Hope that works. Just let me know if you have any other issues. I'll be updating the MatchIt docs to reflect this new workflow as well.

Jason5Gao commented 7 years ago

Hi christophergandrud I followed your code above, yet can't find function ATT, which package is it in anyway.

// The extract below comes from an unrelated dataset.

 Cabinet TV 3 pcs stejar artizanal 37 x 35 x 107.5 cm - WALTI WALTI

further, using the demo(analysis), I encountered same error as @jefunes when it comes to this line

ate.all <- c(s.out1$qi$att.ev, -s.out2$qi$att.ev) from here

my OS _
platform x86_64-w64-mingw32
arch x86_64
os mingw32
system x86_64, mingw32
status
major 3
minor 2.5
year 2016
month 04
day 14
svn rev 70478
language R
version.string R version 3.2.5 (2016-04-14) nickname Very, Very Secure Dishes

and using zelig 5.0-17

christophergandrud commented 7 years ago

Sorry. I forgot to mention that you'll need the newest version of Zelig. It's still working its way through CRAN, but you can download it with:


devtools::install_github('IQSS/Zelig')
christophergandrud commented 7 years ago

I've also removed the demo as it is out of date. That syntax is no longer supported at all.

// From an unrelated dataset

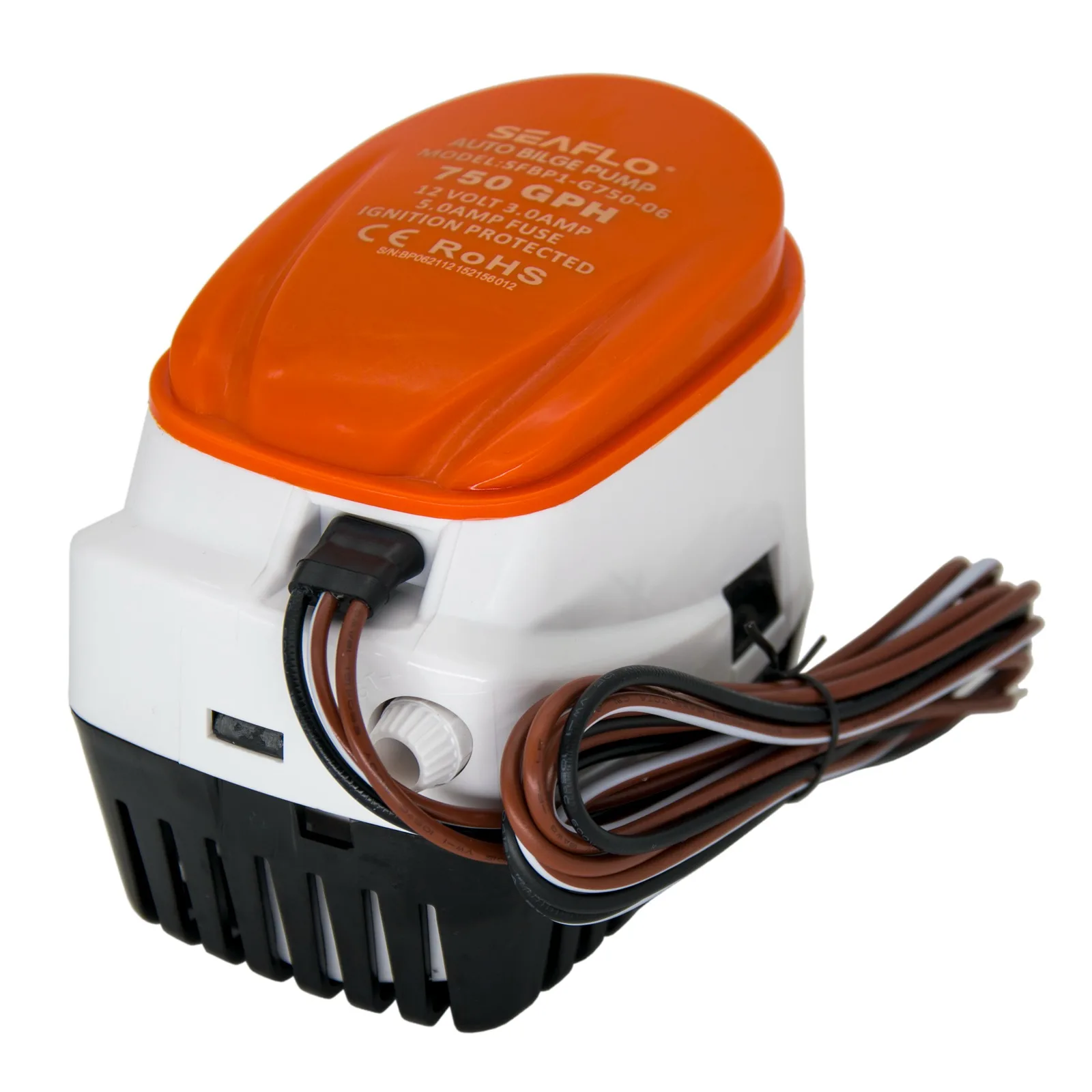 750GPH Automatic Submersible Boat Bilge Water Pump All-in-one pump & float switch | Marine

RobertFeyerharm commented 7 years ago

I encountered the same error even after loading the most recent version (5.1.2) of Zelig.

An alternative solution advocated by Ho, Imai, King, Stuart on page 4 of the MatchIt documentation (located at http://r.iq.harvard.edu/docs/matchit/2.4-20/matchit.pdf) is to estimate the ATE using the parametric model applied to the matched data (described on page 12 of the same manual) setting the explanatory variables to their means and the treatment variable to 0 or 1:

m.out <- matchit(treat ~ age + educ + black + hispan + nodegree + married + re74 + re75, method = "nearest", data = lalonde)
z.out <- zelig(re78 ~ treat + age + educ + black + hispan + nodegree + married + re74 + re75, data = match.data(m.out), model = "ls")
x.out <- setx(z.out, treat=0)
x1.out <- setx(z.out, treat=1)
s.out <- Zelig:::sim(z.out, x = x.out, x1 = x1.out)
summary(s.out)
 sim x :
 -----
ev
      mean      sd      50%     2.5%    97.5%
1 5215.039 519.958 5211.513 4209.118 6212.532
pv
         mean       sd      50%      2.5%    97.5%
[1,] 4937.875 6950.108 4871.602 -8896.022 18854.36

 sim x1 :
 -----
ev
      mean       sd      50%     2.5%    97.5%
1 6548.237 542.2629 6546.104 5548.695 7618.993
pv
         mean     sd      50%      2.5%    97.5%
[1,] 6579.165 7054.5 6666.385 -7288.168 20001.87
fd
      mean       sd      50%      2.5%    97.5%
1 1333.198 800.5099 1371.253 -272.1439 2932.168

Use the fd (= first difference) estimate of 1333.198, 95% CI = (-272.1439, 2932.168) as your ATE estimate.